TASK DETAILS
Reproduce, exactly and in full, the lines from the one with "حاوية حامل حامل" through the one with "Fruit Market Stalls" in the data below; drop pictures.
────────────────────────────────────────
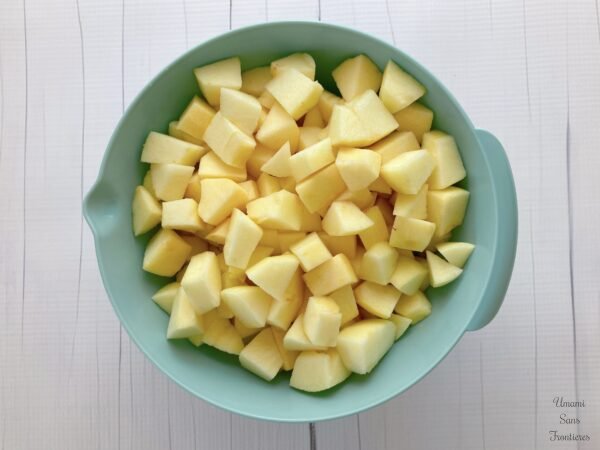 cut apples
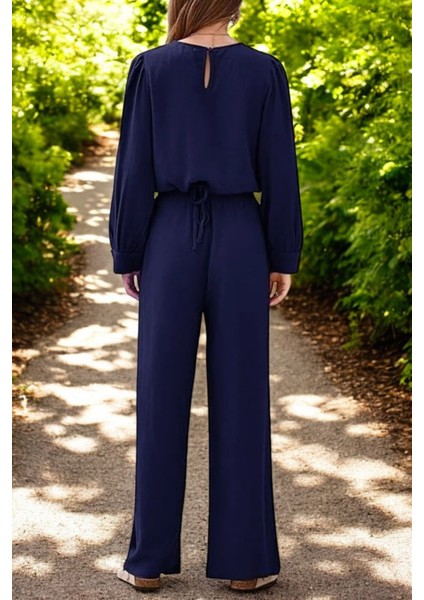 Yazlık Balon Kol Rahat Keten Takım modelleri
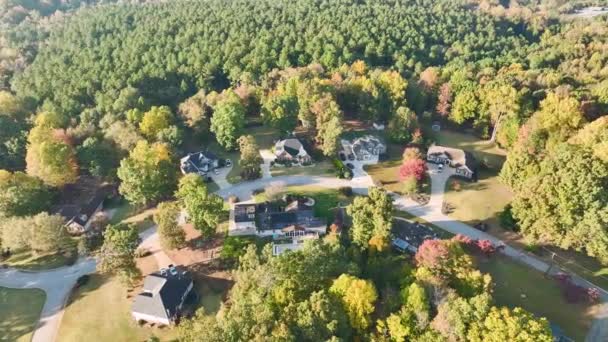 Vista Aérea Casas Clásicas Americanas Área Residencial Carolina Del Sur — Vídeo de stock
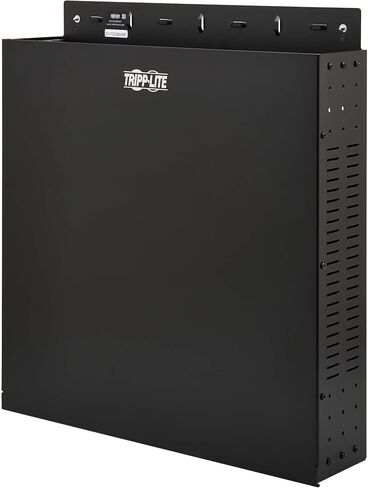 حاوية حامل حامل حائط عمودية من Tripp Lite SmartRack 2U، ملف تعريف منخفض 5 بوصات من الحائط، عمق المعدات 19 بوصة، جوانب ذات فتحات تهوية توفر تدفق هواء مجاني، أدوات التركيب متضمنة، ضمان لمدة 5 سنوات (SRWO2UBRKT) in Kuwait
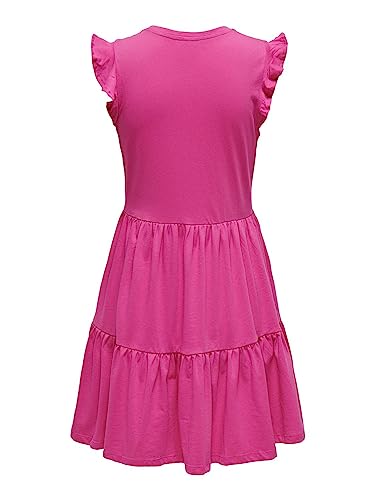 ONLY ONLMAY Cap Sleev FRIL Dress Box JRS NOOS sukienka, Shocking Pink, M, Shocking Pink, M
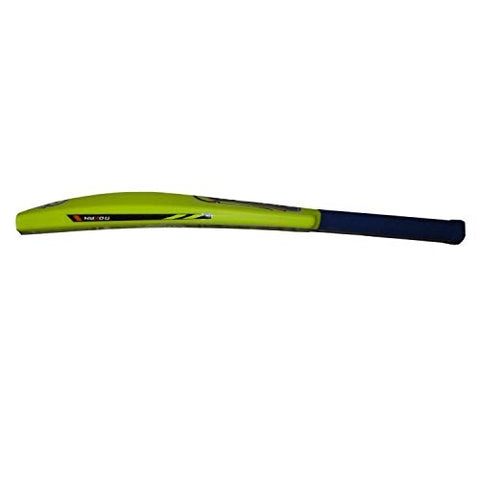 Image of Roxan Plastic Cricket Bat Parrot Green with 1Tennis Ball, 30, Small (Multicolour)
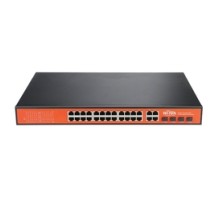 WI-PS328GF, Коммутатор неуправляемый PoE 400Вт, порты 24 PoE GE + 4 Combo GE/SFP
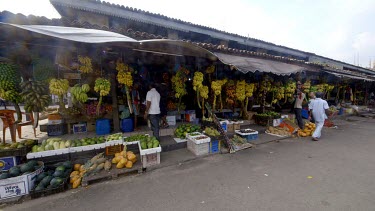Fruit Market Stalls & Tuc Tucs, Galle, Sri Lanka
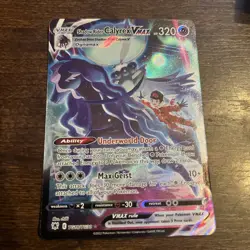 Pokemon TCG Astral Radiance Shadow Rider Calyrex VMAX TG18/TG30 - Image 1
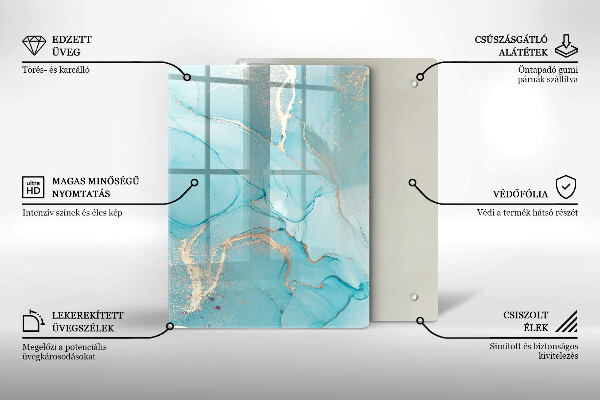 Sklenená doska na krájanie Veľkonočné ozdoby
────────────────────────────────────────
OUTPUT
 حاوية حامل حامل حائط عمودية من Tripp Lite SmartRack 2U، ملف تعريف منخفض 5 بوصات من الحائط، عمق المعدات 19 بوصة، جوانب ذات فتحات تهوية توفر تدفق هواء مجاني، أدوات التركيب متضمنة، ضمان لمدة 5 سنوات (SRWO2UBRKT) in Kuwait
 ONLY ONLMAY Cap Sleev FRIL Dress Box JRS NOOS sukienka, Shocking Pink, M, Shocking Pink, M
 Image of Roxan Plastic Cricket Bat Parrot Green with 1Tennis Ball, 30, Small (Multicolour)
 WI-PS328GF, Коммутатор неуправляемый PoE 400Вт, порты 24 PoE GE + 4 Combo GE/SFP
Fruit Market Stalls & Tuc Tucs, Galle, Sri Lanka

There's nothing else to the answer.